Let $A\in\mathbb{R}^{n\times n}$ be a symmetric matrix and $x\in\mathbb{R}^{n}$. I'm interested in finding an upper bound $\beta\in\mathbb{R}^+$ for the following quotient: $$ \left\vert\dfrac{\min_x x^{\intercal} A x}{\max_x x^{\intercal} A x}\right\vert \leq \beta$$ under the assumption that $\max_x x^{\intercal} A x > 0$.
In particular, I'm interested in finding a bound $\beta$ directly depending on properties of $A$, e.g. its entries, eigenvalues, spectral radius, etc.
I suspect one could gain some insight by analysing the following ratio $$\left\vert\dfrac{\lambda_{\text{min}}(A)}{\lambda_{\text{max}}(A)}\right\vert$$ where $\lambda_{\text{max}}(A)$ and $\lambda_{\text{min}}(A)$ are the largest and smallest eigenvalue of $A$, respectively, though I have tried to follow this path with no luck. Any insight will be highly appreciated!
Edit: I can assume that $x$ is bounded. To simplify, as $\Vert x \Vert \leq 1$.
If you look at the case where $A$ is symmetric positive definite, you can get some insight onto how to better formulate this problem. First, you need to actually constrain $\Vert x \Vert > 0$ to make the problem well defined. At that point, the argument that maximizes $x^\top A x$ is the unit-length eigenvector corresponding to $\lambda_\text{max}$. However, a problem becomes apparent in that you can pick $\Vert x \Vert$ to be an arbitrarily small $\epsilon$, in which case there is no well defined minimizing $x$, and the $\beta$ you seek can be any positive number, no matter how small.
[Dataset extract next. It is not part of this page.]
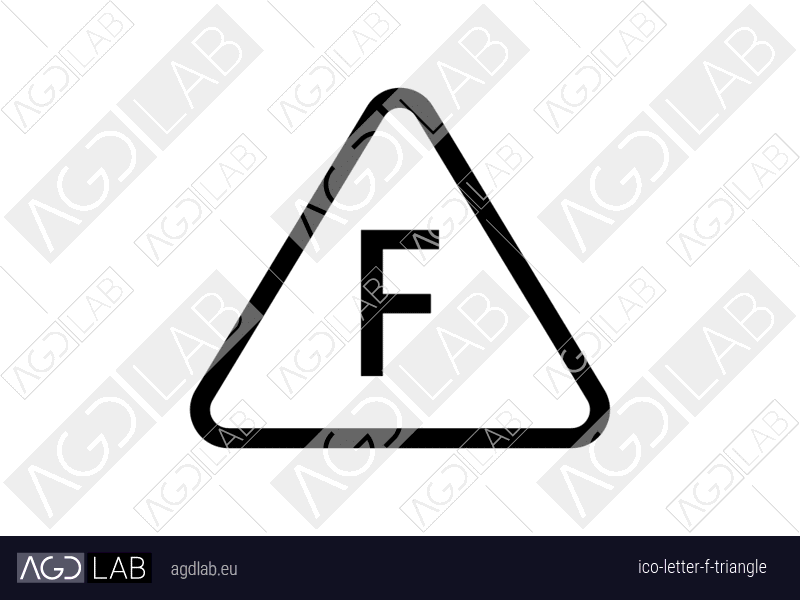 Letter F triangle icon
The infimum of the quadratic form should be zero over all allowed $x$.
I think you probably want to constrain the norm of $\Vert x \Vert$ to be exactly equal to 1. That will give you a well formed problem, and the answer will actually be the ratio of eigenvalues you gave (for positive definite $A$). That's because , if $x^* = \frac{v_\text{min}}{\Vert v_\text{min}\Vert}$, where $v_\text{min}$ is an eigenvector of $A$ corresponding to $\lambda_\text{min}$, then
$$ x^{*\top} A x^* = \frac{v_\text{min}^\top A v_\text{min}}{\Vert v_\text{min}\Vert^2} = \frac{v_\text{min}^\top (\lambda_\text{min} v_\text{min})}{\Vert v_\text{min}\Vert^2} = \frac{\lambda_\text{min} \Vert v_\text{min}\Vert^2}{\Vert v_\text{min}\Vert^2} = \lambda_\text{min}$$
And a similar argument can be made for the maximum value.